Supplied records -
□ □ □ □

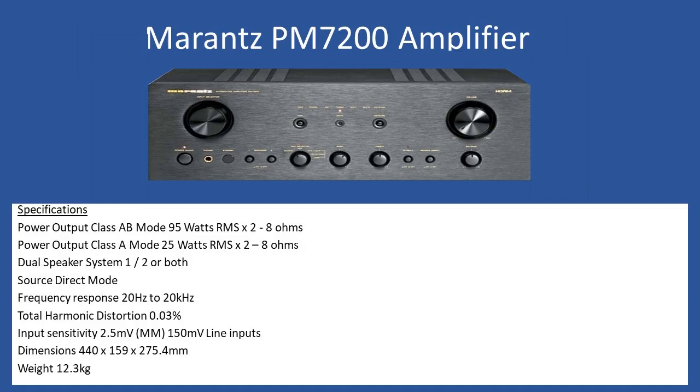Hello and welcome to this repair tutorial. Today we're looking at a Marantz PM7200 amplifier. This amplifier was launched around 2002, around the same time as the NAD C370, which I would imagine it competed directly against. In my personal opinion, from both a service and audio quality point of view, I would put the Marantz way above the NAD easily.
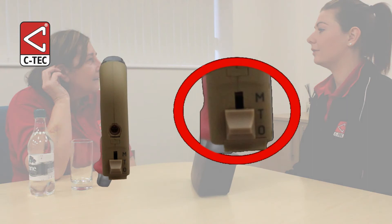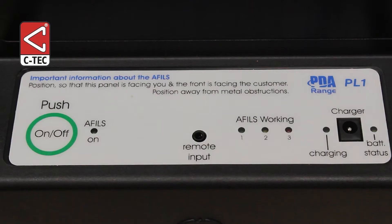Ask the hearing aid user to switch their hearing aid to the T position. Press the amplifier's on/off button once — the amplifier will beep to confirm it is ready to use.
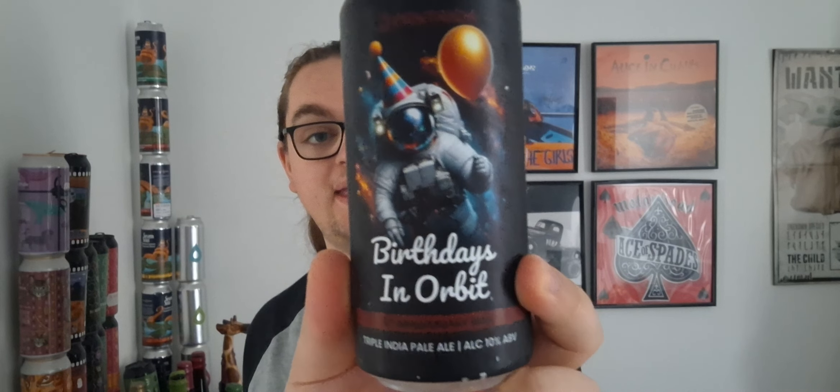Hello, welcome back to another beer review. I'm Ben, the Beer Lad, and today I'm going to be doing the second of the Pentrich eighth birthday beers. This one is Birthdays in Orbit, and this is a Triple IPA at 10%.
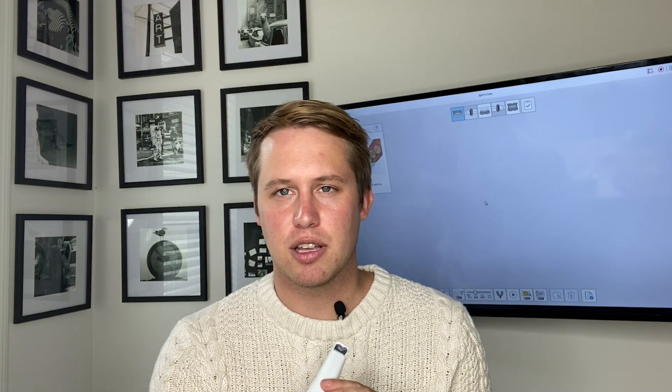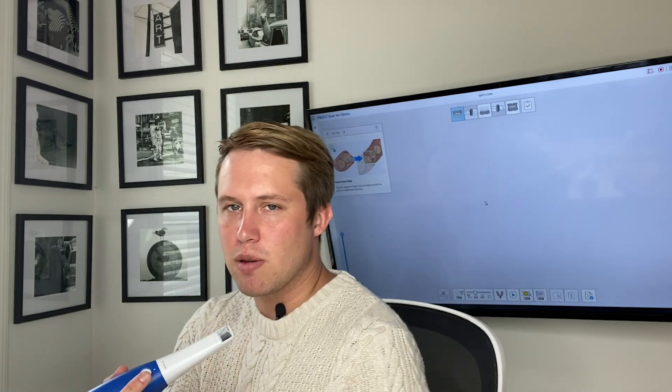Enough about the features though — I want to start scanning intraorally for the very first time after I've unboxed my i600. Granted, I'm in a swivel chair, not a dental chair, so bear with me for the first time scanning here with the i600. We'll see how this goes.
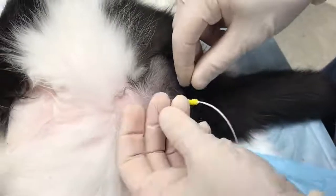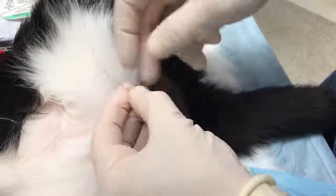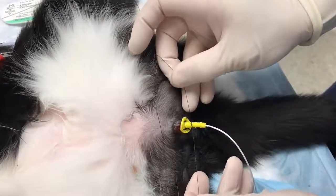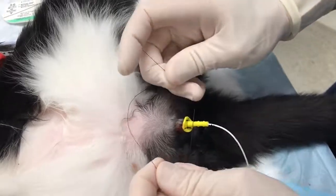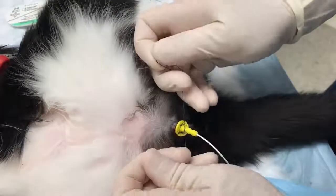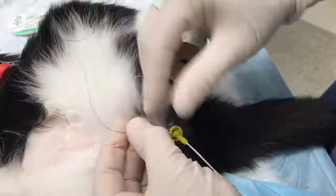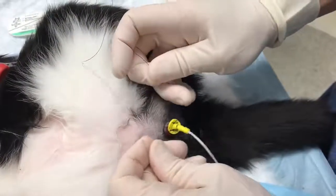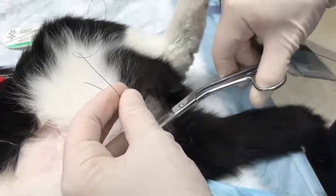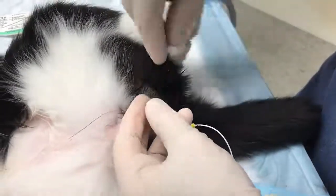This next step demonstrates the placement of two sutures around the neck of the suturing device. 2-0 nylon suture is recommended for this step. The first suture is placed between the first ridge and the disc of the suturing device. The suture should be tied firmly. The second suture is placed between the two ridges.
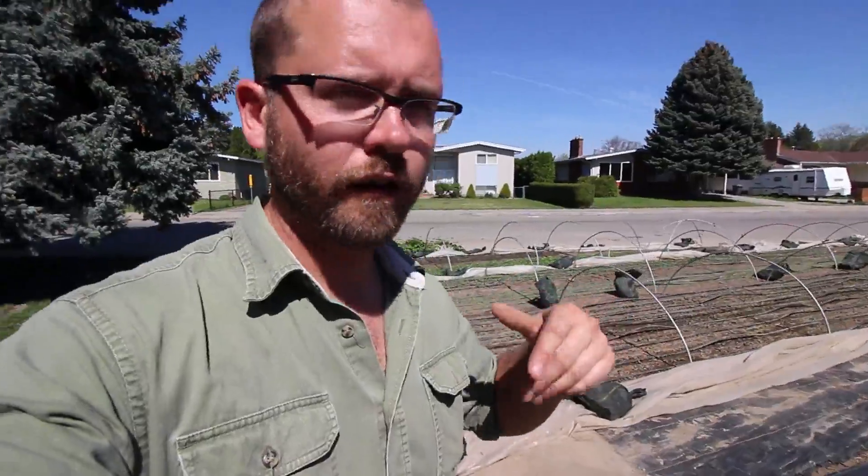We got these from a company called Dubois and they are out of Quebec, Canada. You can click the link below to the product itself if you want to check more about them. If you are in the US, they do ship to the US — in fact, with the dollar right now, it's probably cheaper to buy them from Canada. I hope that helps. If you guys want to see more stuff like this, please hit the subscribe button right now. Like and share these videos with your friends.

□ □ □ □

Exercise prompt - Using the entries above, extract exactly the lines from the one that contains "Hello, welcome back" through the one that contains "Enough about the". Do not carry over any pictures.

Task answer -
Hello, welcome back to another beer review. I'm Ben, the Beer Lad, and today I'm going to be doing the second of the Pentrich eighth birthday beers. This one is Birthdays in Orbit, and this is a Triple IPA at 10%.
Enough about the features though — I want to start scanning intraorally for the very first time after I've unboxed my i600. Granted, I'm in a swivel chair, not a dental chair, so bear with me for the first time scanning here with the i600. We'll see how this goes.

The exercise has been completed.